Alguns ministros já sinalizaram ou disseram que tudo deve correr junto na Justiça Eleitoral. Se a decisão for nesse sentido, vai ser catastrófica. Porque regras de divisão de trabalho, quando dizem respeito a duas Justiças diferentes, são chamadas de absolutas. E geram uma nulidade absoluta, que não pode ser sanada. 

Isso geraria a invalidação da Lava Jato inteira, para trás. E, para o futuro, tem consequências igualmente danosas, porque vai determinar que investigações complexas como a Lava Jato tramitem na Justiça Eleitoral, que não é apropriada para isso. Essa será uma questão de vida ou morte para a Lava Jato. 

Críticos também questionam a ampliação do conceito de legítima defesa pelo projeto. Isso pode virar licença para matar? 

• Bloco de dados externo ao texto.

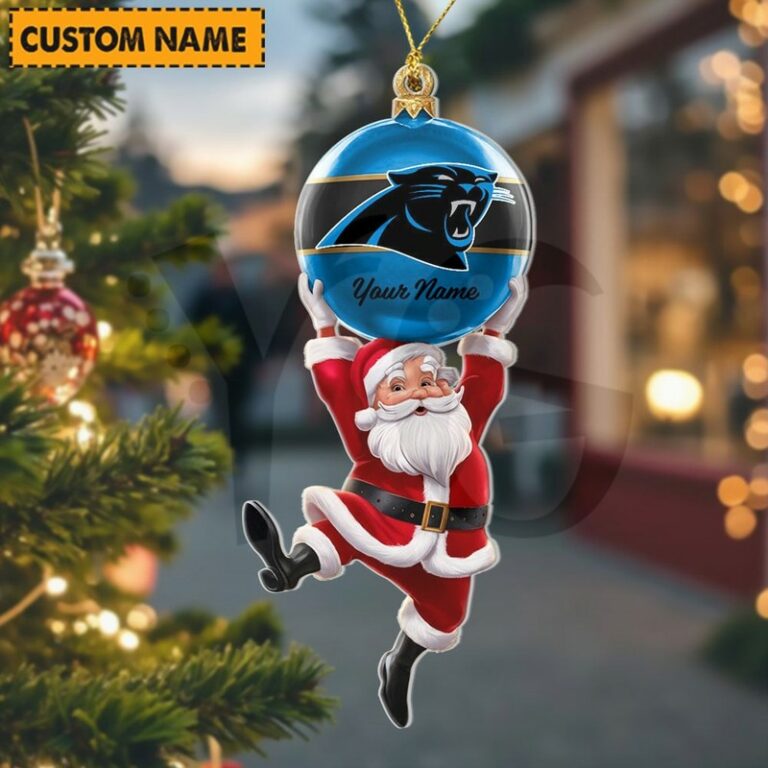 [SPECIAL OFFER] NEW CUSTOMIZED NFL23 CLP CAROLINA PANTHERS CHRISTMAS ACRYLIC ORNAMENT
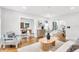 Bright living room with white walls, hardwood floors, and modern furnishings at 2859 Dartmouth N Ave, St Petersburg, FL 33713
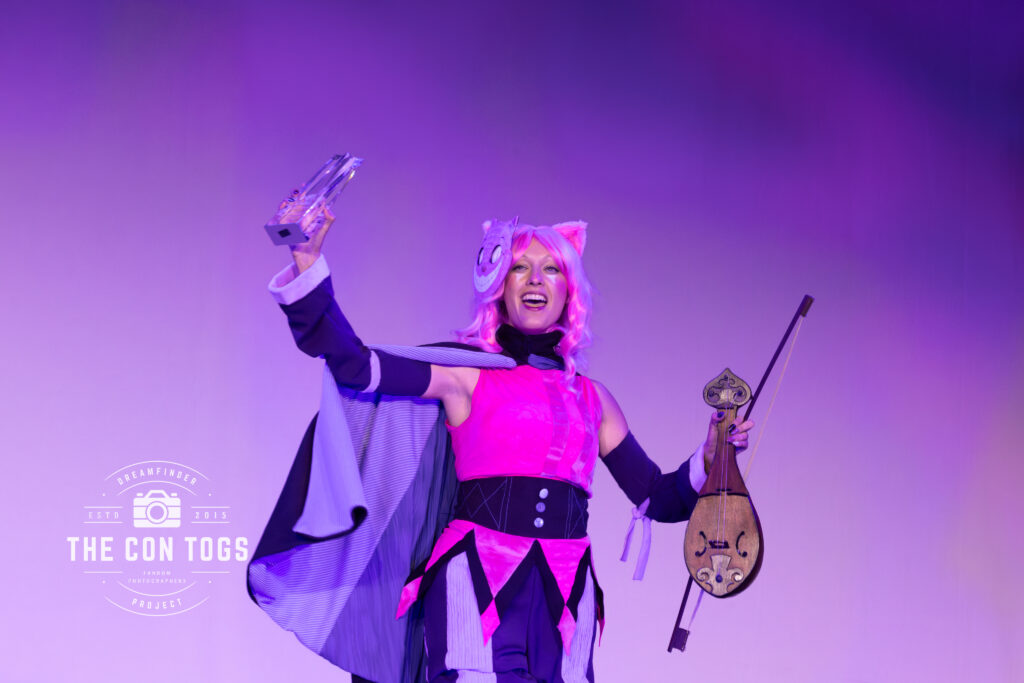 Best Original Design - The Cheshire Minstrel – Happento Cosplay (Tawni Franzen)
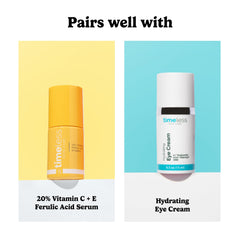 Timeless Skin Care bottle on a bathroom shelf evoking everyday skin care convenience benefit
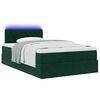 vidaXL Estructura cama otomana colch&oacute;n terciopelo verde oscuro
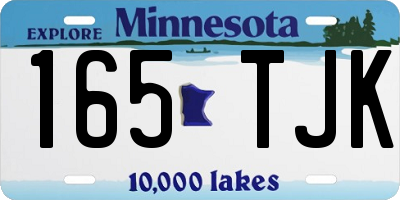MN license plate 165TJK
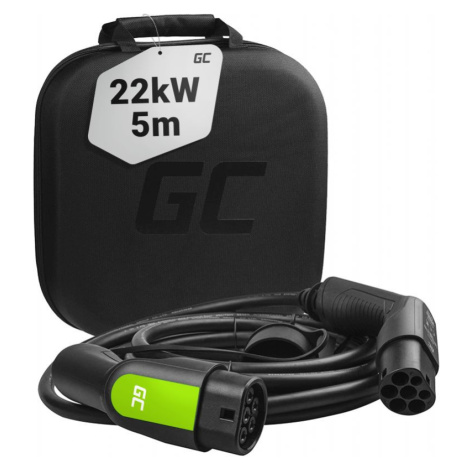 Nabíjecí kabel Typ 2 - 22kW - 5m, Green Cell EV07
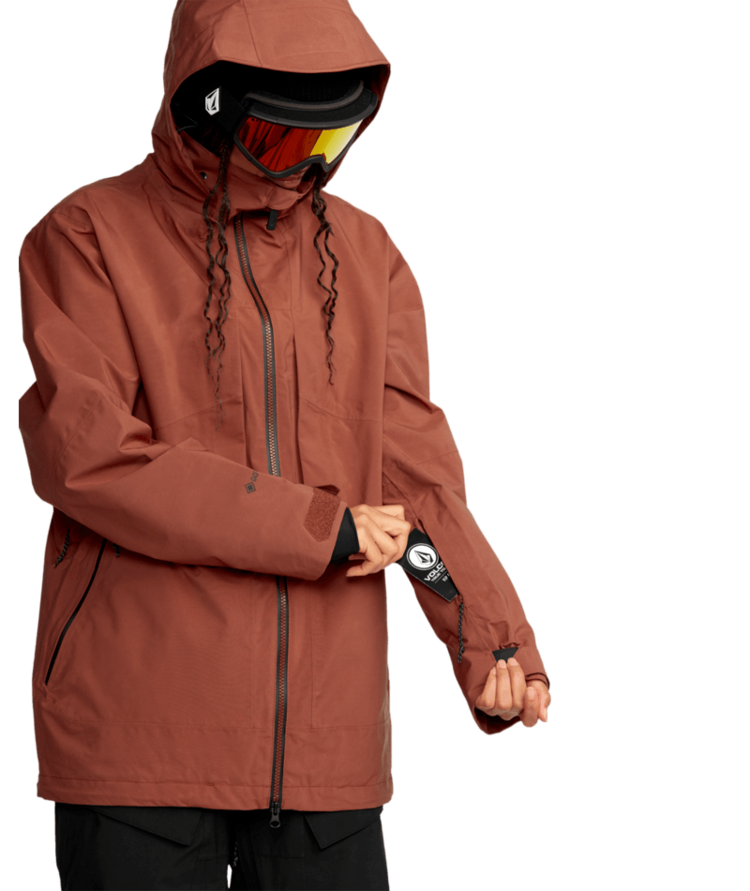 VOLCOM VOLCOM AT Stretch Gore-Tex Jacket Henna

Essa regra foi imaginada diante de situações concretas em que o policial merece uma proteção. Por exemplo, quando ele se vê à frente de uma série de pessoas armadas, membros de uma organização criminosa, e tem que decidir se ele vai ser o primeiro a agir ou não. Nesse tipo de situação, essa regra apenas explicita uma proteção que já existe na lei, dando mais segurança para ele. Agora, é possível, diante das críticas que nós temos ouvido, que essa regra tenha sido redigida de modo excessivamente amplo. E, nesse caso, a sua redação poderá ser aperfeiçoada. 

Há algo que faltou no pacote? 

Algo que não está ali e que eu colocaria é a criminalização do enriquecimento ilícito de funcionário público.